Un très bref CV. Je suis enseignant chercheur à l’École des mines de Saint-Étienne. Mes domaines de prédilection ce sont les réseaux de communication, les objets connectés et puis la sécurité de ces deux domaines. Et je suis particulièrement sensible aux problèmes de respect de la vie privée, d’où ma question de tout à l’heure.

De quoi est-ce que je vais vous parler ? Aujourd’hui, est-ce que l’Internet est le support qu’on nous a vendu il y a vingt ans ou trente ans au libre-échange ? C’est-à-dire est-ce que je suis libre de parler, d’échanger avec qui que ce soit sur Internet ?

On va se dire qu’il y a des tas de choses qui ont été inventées ces dernières années, souvent par des personnes empreintes de liberté. Internet c’est né, on va dire ce sont les babacools américains de la côte ouest qui rêvaient d’un monde où chacun pouvait parler à chacun etc., même s’ils ont fait ça pour l’armée.

Donc les objectifs initiaux étaient louables. Mais qu’est-ce qu’il en reste aujourd’hui quand on regarde l’usage qu’on peut faire de toutes ces technologies ? Eh bien je vais vous faire, en fait, un cours de réseau. Donc qu’est-ce que c’est, aujourd’hui, communiquer dans l’Internet ? D’abord il faut utiliser des protocoles qui sont communs, les fameux protocoles qui ont été inventés dans les années 70 par Vin Cerf et compagnie. Ces protocoles, alors je ne sais pas comment dire, ils ne sont pas vraiment libres, mais ils sont publics. L’intérêt c’est de pouvoir communiquer ensemble. Donc les spécifications sont disponibles pour tout le monde. Elles ont été financées et puis maintenant elles sont utilisables librement.

Pour pouvoir communiquer, eh bien il va falloir utiliser un service qui est sur le réseau. C’est-à-dire si je veux communiquer, si je veux faire du mail, il va falloir que j’utilise un relais de messagerie aujourd’hui ; c’est un service. Qu’est-ce qui va se passer ? Je vais envoyer mon mail, dès lors que ce mail est envoyé, eh bien il m’échappe, déjà ! Et puis il y a certains services, on en connaît plein, qui ne sont pas forcément des services libres. Aujourd’hui, Facebook, je ne peux pas admettre que ça soit un service libre. Google je ne suis pas sûr que ce soit un service libre. D’accord ? Il en existe des tas comme ça, Instagram, enfin tous ceux que vous pouvez imaginer qui ont pignon sur rue et qui sont super utilisés par une grande partie des internautes. Bien !
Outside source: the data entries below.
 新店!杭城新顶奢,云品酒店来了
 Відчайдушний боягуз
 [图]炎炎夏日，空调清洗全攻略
Donc conclusion. En fait, quand on communique sur l’Internet d’abord on n’est pas seul, quand on entreprend une communication on a, eh bien évidemment soi comme participant, le réseau et puis le service que j’ai représenté ici par un machin qui s’appelle un serveur. D’accord ! Donc on est trois et puis il y en a un au milieu, le réseau, je ne le connais pas vraiment en fait.

Première chose à savoir, c’est que les communications entre moi et le serveur, elles vont être observables tout au long de leur acheminement. Le petit fil rose, eh bien, je ne vais pas dire n’importe qui, mais tout un tas des personnes est susceptible d’observer ce qui circule sur le petit fil rose, déjà. Donc en termes de liberté, il est hors de question de chuchoter à l’oreille de quelqu’un.
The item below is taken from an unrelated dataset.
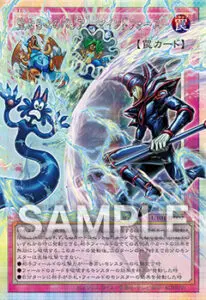 遊戯王】「UTILITY SELECTION」当たりカード買取価格一覧！プリズマ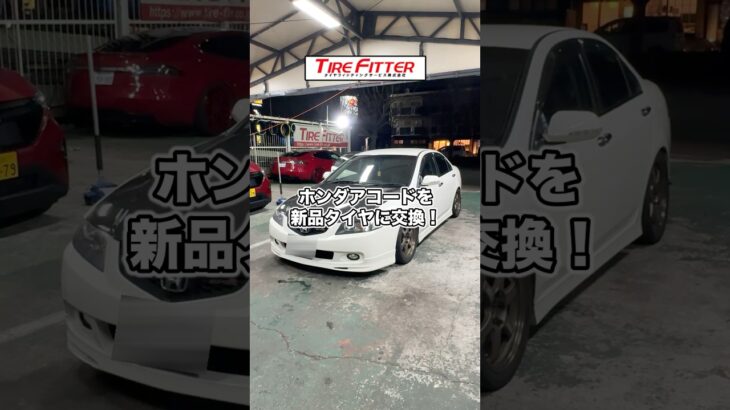 ホンダ CL7 アコード ユーロRのタイヤ交換が30分以内でできる！？横浜都筑の持ち込みタイヤ交換ならタイヤフィッター！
Le premier équipement auquel, en général, auquel on confie nos données c’est ce qui s’appelle un routeur. Un routeur, c’est quoi son travail ? C’est de regarder les données et de se dire pour qui sont-elles ? C’est plus que le facteur. Le facteur regarde l’enveloppe. Un routeur pourrait se restreindre à ça, mais en général, les routeurs, pour des tas de raisons, ils font plus, ils regardent plus loin. Ça s’appelle le deep packet inspection, par exemple. Pourquoi ? Pour prioritiser les trafics, etc.

De toutes façons, pour communiquer, il va être nécessaire de faire super confiance au réseau.
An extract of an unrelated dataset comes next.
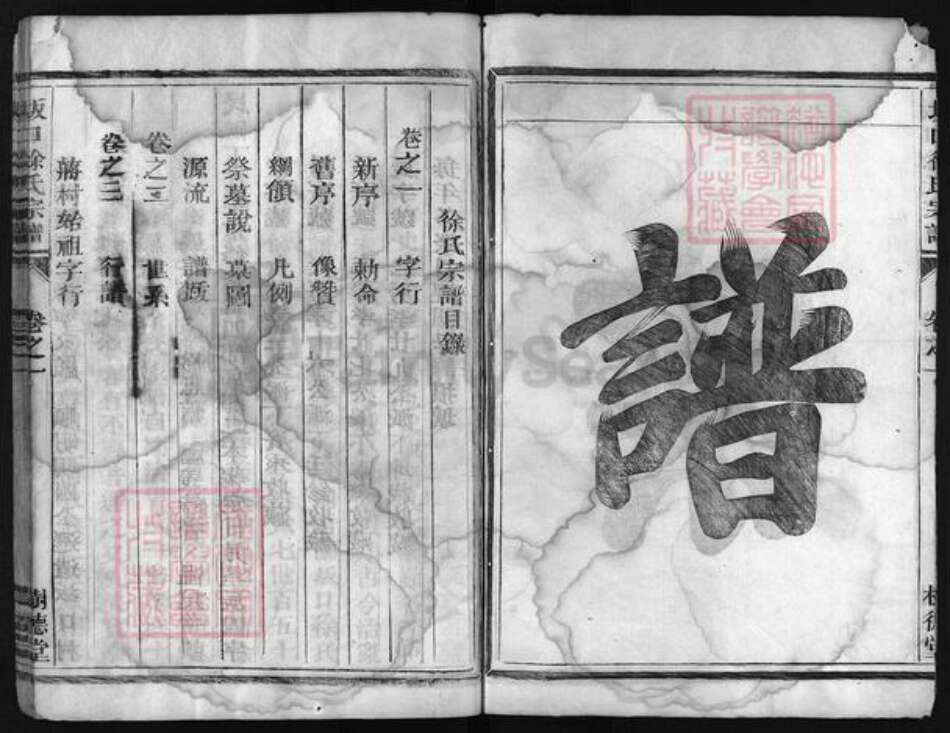 浙江省徐氏族谱-坂口徐氏宗谱 [3卷].pdf电子版预览图4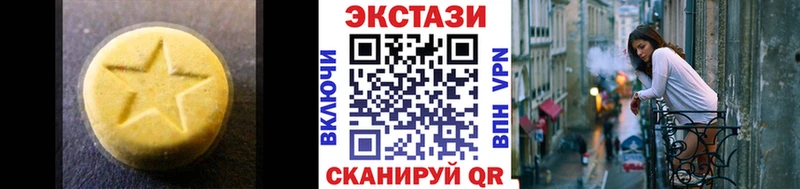 ЭКСТАЗИ 280мг  как найти закладки  Покров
Comment est-ce qu’on fait pour établir une connexion ?

Si on connaît l’adresse IP de son correspondant qui est l’identifiant unique de chacun dans l’Internet, eh bien pas de problème ; on va demander. Alors on demande à qui ? On demande au réseau. On va demander au réseau quelle est l’adresse physique de l’équipement, si celui-ci est sur mon propre réseau.

Vous avez tous dû repérer quelque part que vous aviez un machin qui s’appelait l’adresse MAC ; l’adresse MAC est un identifiant qui est censé être à peu près unique, l’idée c’est qu’il soit unique dans un réseau local et qui est associé physiquement à votre machine. De moins en moins de machines permettent de changer son adresse MAC.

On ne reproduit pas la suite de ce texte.